Wow, that's odd. A reboot is the first thing I'd try as well.

Or you can ask AirRocker - he's really good with figuring out time issues. :grin:


----------



## Greg Alsobrook (Apr 2, 2007)

:nono:


----------



## 996911 (Aug 24, 2006)

I have reset the box and still the same thing.....60 seconds exactly for a single 30 sec FFD selection. The software is listed as the following.....0x1236 and the box is R15-100.

Just an FYI to determine how far the box has moved is I found a program that had a timer built in as well. The show is PTI on ESPN. And sure enough, 60 seconds for every 30 sec FFD press.

Any thoughts at this point?


----------



## 996911 (Aug 24, 2006)

anybody? 

wow, this forum really doesn't see much activity.


----------



## armophob (Nov 13, 2006)

Sounds like double tap. Do any other buttons like chan up or down do this? If a reset did not cure it then I would try to unplug the power for 5-15 min then try again.


----------



## 996911 (Aug 24, 2006)

I thought that at first but it's not a double tap. Good thought though as I have done that in the past.


----------



## davring (Jan 13, 2007)

996911 said:


> anybody?
> 
> wow, this forum really doesn't see much activity.
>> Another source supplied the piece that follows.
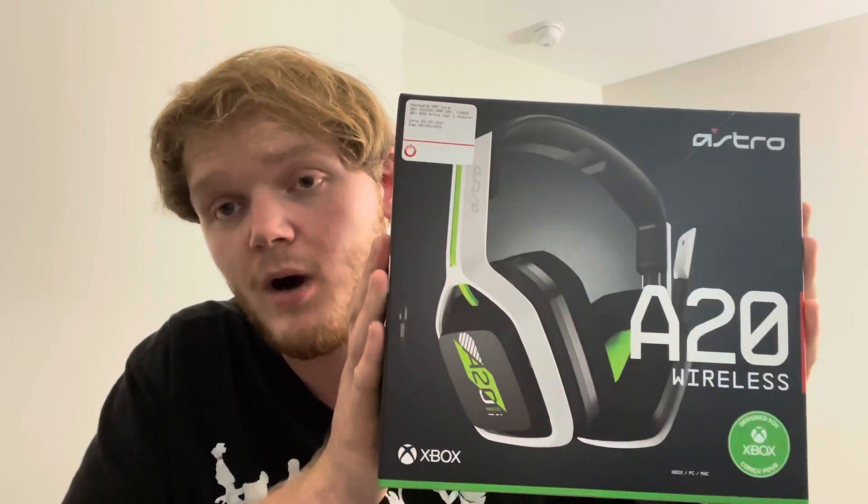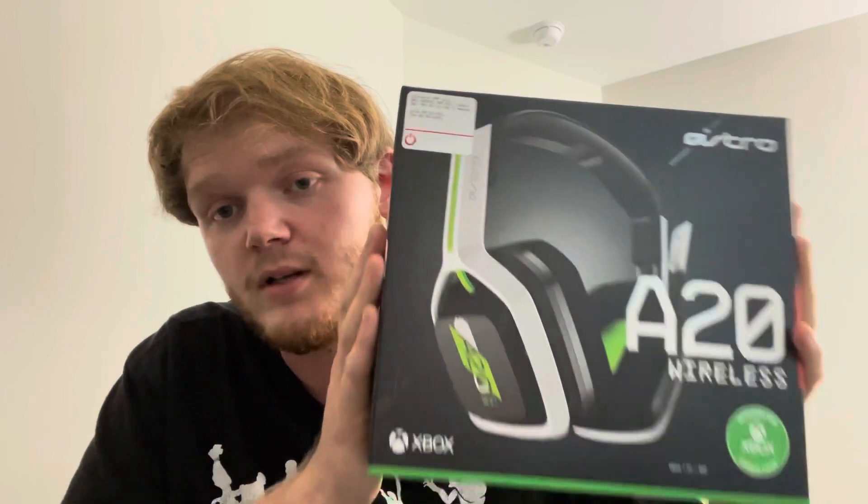I got the Gen 2 A20 Wireless Astro A20 Xbox Edition, strictly for Xbox, PC and Mac. Designed for Xbox only — just like the PlayStation version is designed only for that. I'm pretty sure I can use these on the Switch, but I don't have the Switch anymore.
This forum see a lot of activity, but I think most people, as I am, are stumped. I have an R15 and didn't even know it was capable of a 30 second skip, I thought it was available only on the HR's. I'll go out to my shop and test it later and post back.

Bob has a good point, can you try another remote?


----------



## PicaKing (Oct 8, 2006)

Inflation??? Everything is going up these days......


----------



## psweig (Feb 4, 2006)

??? I don't get a timeline with 30skip, I have no idea whether it's 30 seconds or not. There have been anomalies with it in the past, though.


----------



## 996911 (Aug 24, 2006)

A few more pieces of info.......

*Most update software
*Reset receiver
*Have a timeline display
*Get on-screen confirmation that 30 sec skip has been engaged for 1 selection
*Moves forward 60 seconds
*Have on-screen program timing verification
*Have tried 4 remotes (2 D* remotes and 2 URC RF remotes)
*Have consumed a few beers to help me through this tough time 

Other than clicking my heels 3x (6 if I am using my R15 :lol: ) I am at a loss.......


----------



## armophob (Nov 13, 2006)

996911 said:


> A few more pieces of info.......
> 
> *Most update software
> *Reset receiver
> ...


Did you try to unplug the power yet?


----------



## 996911 (Aug 24, 2006)

How is that different than a reset? Does it do anything to recorded shows...like erase them? Thanks for the input.


----------



## Billzebub (Jan 2, 2007)

I have the same problem with my R15. They don't seem to put much effort into this box. I think the R15s are becoming obselete as the new R22s use the same software as the HR2Xs.
Anyway, 1 push, skip forward 60 seconds. Since this is the third receiver in a 2 person house it doesn't bother me much.


----------



## armophob (Nov 13, 2006)

996911 said:


> How is that different than a reset? Does it do anything to recorded shows...like erase them? Thanks for the input.


No, it won't hurt anything. But unplugging the power for 5-15 minutes has a way of curing some hard troubles.


----------



## GalaxyMan (Sep 21, 2007)

armophob said:


> No, it won't hurt anything. But unplugging the power for 5-15 minutes has a way of curing some hard troubles.


You'd think it would. My R15-500 bricked, it was replaced with a r15-100, but it does not like the RC64RB that I used on the -500, or at least I thought. Called D* sent replacement for replacement (guess what-100 also!) and it was no better. Had a RC from the H20, switched with r15 and voila! Unfortunately the Remote rc64rb was purchased so I'm sure they won't replace, and the RC24 that came with the H20 is the small button/unlit kind that my sausage like fingers find easy to press two buttons!!


----------